|Portrait of a Young Woman|
|Medium||Oil on wood|
|Dimensions||64 cm × 48 cm (25 in × 19 in)|
|Location||Galleria Nazionale delle Marche, Urbino|
The Portrait of a Young Woman, also known as La Muta, is an oil on wood portrait by the Italian Renaissance artist Raphael, executed c. 1507–1508. It is housed in the Galleria Nazionale delle Marche, in Urbino.
The picture portrays an unknown noblewoman over a near-black background, showing some Leonardesque influences. Ingrid D. Rowland writes that "the vivid contrast between dark background and luminous skin ... would one day inspire Michelangelo Merisi da Caravaggio to change his palette — in Rome — and become the Caravaggio we know best." Although only recently attributed to Raphael, La Muta is ranked among the best portraits by his hand.
The neatness of the large areas of colour that emerge in lighter tones from the background, and the analytical treatment of the details of the woman's clothing, are characteristic of Raphael. The dispersive effect of this attention to detail is fully compensated by the tones of colour — used here in a fairly limited range — which unify the composition as a whole.

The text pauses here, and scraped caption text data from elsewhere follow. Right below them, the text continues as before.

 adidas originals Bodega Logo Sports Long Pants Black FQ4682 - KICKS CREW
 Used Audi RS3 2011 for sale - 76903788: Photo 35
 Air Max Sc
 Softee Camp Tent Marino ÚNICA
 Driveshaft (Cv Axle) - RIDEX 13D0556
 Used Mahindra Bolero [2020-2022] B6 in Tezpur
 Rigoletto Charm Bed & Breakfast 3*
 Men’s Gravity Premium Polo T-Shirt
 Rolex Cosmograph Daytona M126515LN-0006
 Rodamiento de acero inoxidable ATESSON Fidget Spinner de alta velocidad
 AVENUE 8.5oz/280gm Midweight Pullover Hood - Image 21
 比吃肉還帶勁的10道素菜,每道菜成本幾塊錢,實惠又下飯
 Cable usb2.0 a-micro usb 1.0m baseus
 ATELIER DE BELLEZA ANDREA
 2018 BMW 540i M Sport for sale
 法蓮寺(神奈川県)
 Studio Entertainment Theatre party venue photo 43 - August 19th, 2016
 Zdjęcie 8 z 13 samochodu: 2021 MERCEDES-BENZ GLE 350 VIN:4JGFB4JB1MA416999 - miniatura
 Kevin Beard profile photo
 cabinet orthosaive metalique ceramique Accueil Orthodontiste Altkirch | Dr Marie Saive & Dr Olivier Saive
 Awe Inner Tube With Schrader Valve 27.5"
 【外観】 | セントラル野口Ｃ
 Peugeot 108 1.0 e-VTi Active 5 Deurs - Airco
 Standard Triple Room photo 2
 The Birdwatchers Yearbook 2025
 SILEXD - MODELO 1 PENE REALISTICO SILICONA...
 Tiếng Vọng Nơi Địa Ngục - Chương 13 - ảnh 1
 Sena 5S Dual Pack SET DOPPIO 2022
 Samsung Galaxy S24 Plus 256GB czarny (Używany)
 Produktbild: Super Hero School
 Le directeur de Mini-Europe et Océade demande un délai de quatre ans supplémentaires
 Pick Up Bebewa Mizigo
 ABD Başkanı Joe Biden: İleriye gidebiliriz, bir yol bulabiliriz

Nicoletta Baldini describes the hands in this portrait as "vibratile," distinguishing it from those painted by Michelangelo or Da Vinci. Ingrid D. Rowland writes that the "austerely attractive young noblewoman ... is poking her index finger against the edge of the picture, literally, and knowingly, pushing its envelope of illusion — hence the mischievous glint in her eye."
X-ray analysis has shown the presence of an early Raphael drawing under the painting, of a female, young face with soft features, with later modifications.